Benchmark | Description | lines of code | # of constructs in the program | Number of filters in the expanded graph | |||
---|---|---|---|---|---|---|---|
filters | pipelines | splitjoins | feedbackloops | ||||
FFT | 64 element FFT | 200 | 3 | 3 | 2 | 0 | 24 |
Benchmark | 250 MHz RAW processor | C on a 2.2 GHz Intel Pentium IV | ||||
---|---|---|---|---|---|---|
StreamIt on 16 tiles | C on a single tile | |||||
Utilization | # of tiles used | MFLOPS | Throughput (per 105 cycles) | Throughput (per 105 cycles) | Throughput (per 105 cycles) | |
FFT | 42% | 16 | 182 | 2,141.9 | 468.9 | 448.5 |
Utilization numbers reported were 79886 useful cycles/ 191232 total cycles = 0.41774389.
flops reported by RAW's cycle-accurate simulator are 8558 min/8806 max flops(avg=8682), which is (8682 flops/11952 cycles) * 250 million cylces/second = 181.60141 MFLOPS.
The first iteration was done at time step 0x8d8f (36239 cycles).
The second iteration was done at 0xbc3f (48191 cycles) (delta=11952)
The third iteration done at 0xeb9d (60317 cycles) (delta=12126)

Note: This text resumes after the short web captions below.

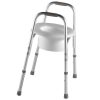 PCP, Raised Toilet Seat w/ Safety Frame, 7007 - Image 4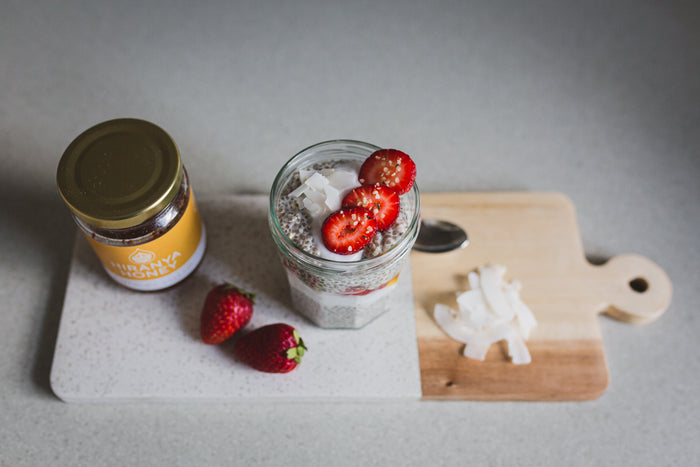 CHAI SPICED CHIA SEED PUDDING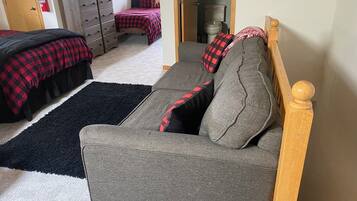 2 chambres, fer et planche Ă repasser, Wi-Fi, draps fournis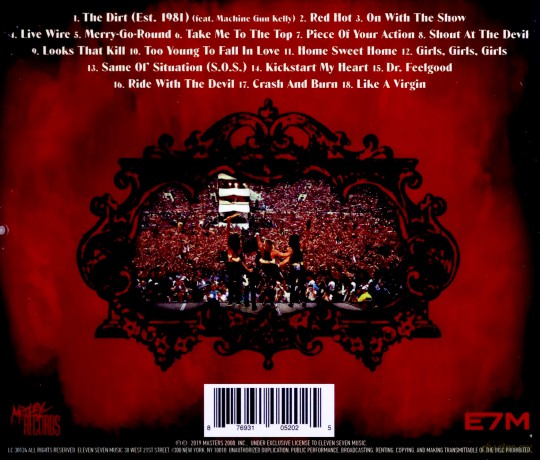 The Dirt soundtrack (Motley Crue) [CD]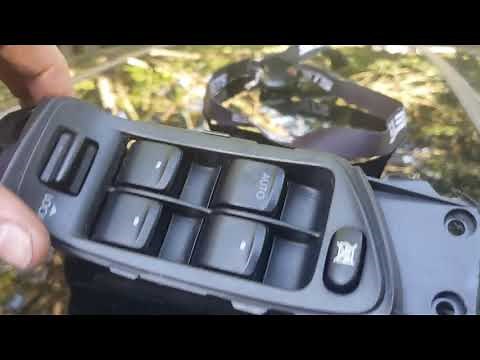 05-09 Legacy GT/Outback Window Switch Repair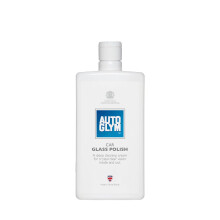Autoglym Car Glass Polish, 500ml - Windscreen and Car Window Cleaner, Deep Cleaning Cream for Crystal Clear Vision & Streak-Free Finish Inside and Ou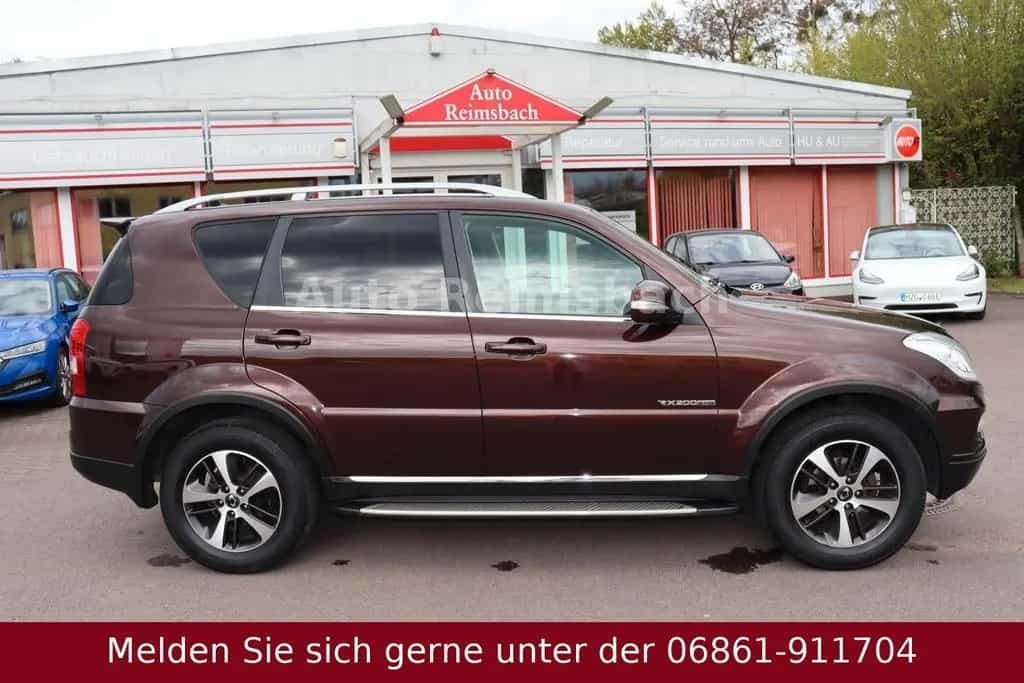 Ssangyong REXTON e-XDi Automatik **4WD+1.Hand** 04/2013-photo-3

Based on these cycle counts, each iteration takes 11952 min/12126 max
cycles (average of 12039).
256 outputs every 11952 cycles, normalized to 10^5 cycles results in a throughput of 256*(100000/11952) = 2141.9009 outputs every 10^5 cycles.

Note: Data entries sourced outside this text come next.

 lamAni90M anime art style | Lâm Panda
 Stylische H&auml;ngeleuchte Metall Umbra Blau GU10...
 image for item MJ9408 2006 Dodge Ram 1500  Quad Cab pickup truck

128 outputs every 27297 cycles normalized to 10^5 cycles, 128*(100000/27297) = 468.916 outputs / 10^5 cycles.
flops reported are 7006 flops, which is (7006 flops/27297 cycles) * 250 million cycles/second = 64.16456 MFLOPS.
Utilization numbers reported were 432983 useful cycles/ 436752 total cycles = 0.99137039
Number of cycles per iteration: 10^7 iterations/ 129.72 second * 128 outputs / 1 iteration * 1 second / 2.2*10^9 cycles * 10^5 cycles = 448.5 outputs / 10^5 cycles.